Eye For Film >> Movies >> If We Dead Awaken (2012) Film Review
If We Dead Awaken
Reviewed by: Andrew Robertson
There are other Londons - not just the fascist Disneyland of the Olympics or the alien-attracting by-ways of Attack The Block and Storage 24, but the immigrant Londons, the Chinatowns, the little Afghanistans. This is set in one of those parallel capitols, the London of Russians - not the new money and old crimes of Eastern Promises, but Litvenenko's London. These are the defectors of Droitwich, the Putins of Putney. "The wall came down and our spies became millionaires".
Part of Channel Four's Coming Up scheme, debut director Luke McManus and first-time writer James Phillips have crafted a post-Cold War confection, an affecting portrait of people and a place, both geographic and psychological.

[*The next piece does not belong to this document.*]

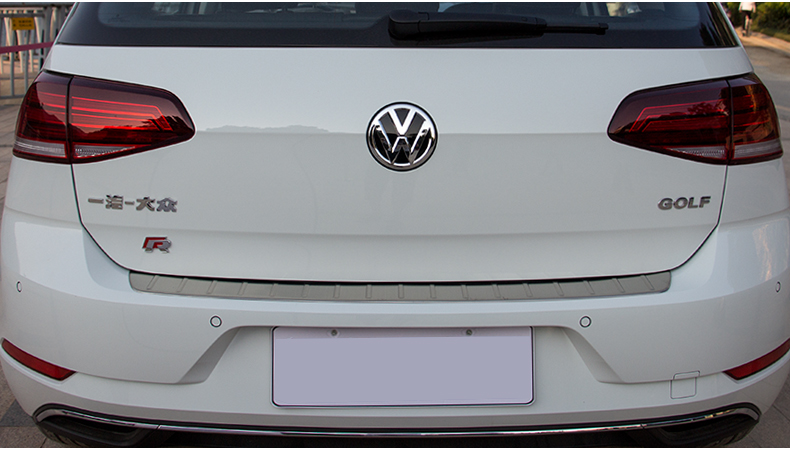 5/7凌渡迈腾速腾cc嘉旅大众车贴改装 rline尾标--黑色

Ingaborga Dapkunaite plays a former ballerina, context neatly given to us from newspaper clippings during an interview - she is 'The Beauty Who Came West'. Ingaborga manages a particular calm, savage at times too - there is an incredibly powerful moment when she gives a tour of her house, confronting a key figure from her past. He is the man who was assigned to guard her when the Bolshoi visited, who suffered after her defection. Branko Djuric plays him, recently seen in Angelina Jolie's In The Land Of Blood And Honey. He is seeking to publicise the crimes of his paymasters, to reconcile with her, all of it distorted by the post-Wall security apparatus, by the intimacies of the eavesdropper. As she explains, or rather refuses to explain, her complicated history to her daughter (Phoebe Fox) we start to discover that 'free' is not the same as 'safe', and the reverse.
There are neat moments, scenes of recall and memory - the various implications of a film projector's rustling as an unseen figure dances. Dan Parry provides excellent music as always - in truth he's one of the unsung heroes of the scheme, ably providing scores for dystopian science fiction, harrowing homeless dramas, and a wide variety of distorted domesticities. Here he manages something fit for a thriller without spies, all personal paranoias layered on top of the callousness of states.
Coming Up casts grow stronger year on year, but this one works particularly well. This is a strong film, an indicator of the talent of both writer and director. Its bleakness is apposite to genre, that old conflict between ideology, idealism and vengeance. If We Dead Awaken is, as one would hope, haunting.